I mean -- this is fine, right? This is normal.

There`s eight states having primaries and runoff elections tomorrow. And it is amazing that a very basic level that people assert concerning themselves with the potency of endorsements in some of those races, from that guy who just described.

I mean, we`re trying to figure out if even his lawyers are potentially going to jail. And he`s the most important figure in Republican Party politics, still, really?

It`s amazing. But let`s talk about the situation tomorrow, a surprise witness or witnesses who apparently were not going to know the identity of until this last-minute surprise January 6 hearing kicks off at 1:00 p.m. Eastern. Something urgent about the evidence the investigators have obtained, or witness testimony they`re about to show us tomorrow, that require them to up and end their schedule and rush this hearing out on zero notice.

What should we know about that, what should we know about how investigators, thinking about things like this, what is the timing tell us is the rush here likely to be about preserving evidence, or making sure one piece of witness testimony comes out before another. I mean, the Department of Justice appears to have coordinated a one day surprise snowstorm, of subpoenas and search warrants for people allegedly involved in parts of Trump`s scheme stay in power.

Now, we`ve got the surprise public hearing being announced less than a week after the Justice Department took those dramatic steps last week. Are those things connected? What`s going on here? What can we discern from what we`ve been allowed to see thus far?
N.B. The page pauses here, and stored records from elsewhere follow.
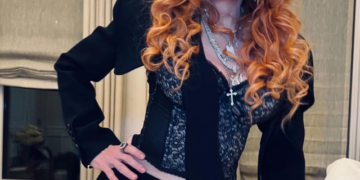 Madonna, ciddi bakteriyel enfeksiyon nedeniyle hastaneye kaldırıldı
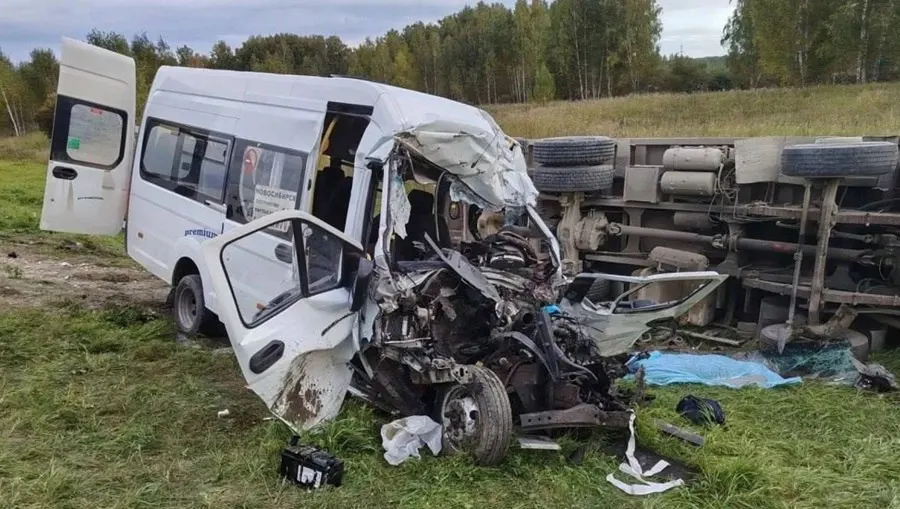 11 человек госпитализированы после ДТП в Новосибирской области; один пострадавший — в крайне тяжелом состоянии, погиб водитель рейсового автобуса.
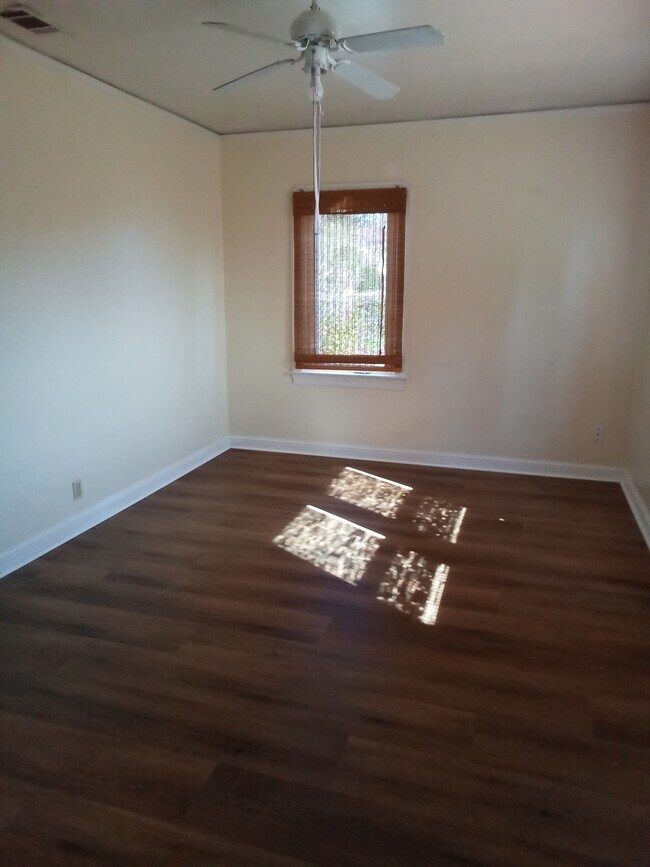 Foto del edificio - 1426 Amador St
Joining us now, is Barbara McQuade. She`s former U.S. attorney for the Eastern District of Michigan. She`s now professor the University of Michigan Law School.

Barbara, it`s great to see you.

Thank you very much for taking the time to be here tonight

BARBARA MCQUADE, MSNBC LEGAL ANALYST: Thanks for having me, Rachel.

MADDOW: So, let me ask if I`m asking questions that make sense. Obviously, we don`t know what`s going to be happening at this hearing tomorrow. There`s a lot we don`t know. In particular about the federal grand jury investigation, or investigations that seem to be underway.

But given what we can`t see, is there reason to either make an informed bit of speculation or to say that we know how some of these things might interrelate?

MCQUADE: Yeah, I don`t think we know but I think we can make an educated guess. Prosecutors are fond of saying there`s no such thing as coincidences. And I have to believe that these things are related in some way.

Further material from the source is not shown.